Whilst it may seem simple to apply the three criteria of randomisation generation/concealment, blinding and ITT to judge the quality of RCTs, it is still uncertain how far these factors can reliably discriminate between "good" and "bad" RCTs in dermatology. Other factors that are disease specific and rely on content knowledge/expertise are likely to be equally important in determining the quality of some dermatology trials. The influence of such disease-specific factors in dermatology is an area that requires further systematic research.
Therefore, as someone with an interest in atopic eczema, I would not trust a study that claimed a beneficial effect for a new treatment if the study included both children and adults with diverse eczematous dermatoses,14 as people with such conditions might respond differently.15 Similarly, the definitions of disease used may be an important quality criterion.

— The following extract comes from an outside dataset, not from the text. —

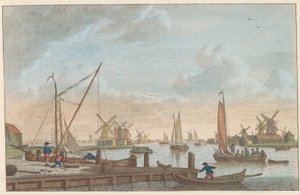 沃尔默维尔附近的萨恩河，约 1790 年
来自 Poelsluis 的 Wormerveer / Wormerveer aupres du Saan（标题在实物上） 作者 卡雷尔·弗雷德里克·本多普 (I)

For example, if I were reading the report of an RCT of an intervention for bullous pemphigoid, I would want to know that the diagnosis in study participants was confirmed by immunofluorescence in order to distinguish it from other bullous disorders of diverse aetiologies and with differing treatment responsiveness.
In evaluating a clinical trial, look for clinical outcome measures that are clear cut and clinically meaningful to you and your patients.16 For example, in a study of a systemic treatment for warts, complete disappearance of warts is a meaningful outcome, whereas a decrease in the volume of warts is not. The development of scales and indices for cutaneous diseases and testing their validity, reproducibility and responsiveness has been inadequate.16,17 A lack of clearly defined and useful outcome variables remains a major problem in interpreting clinical trials in dermatology.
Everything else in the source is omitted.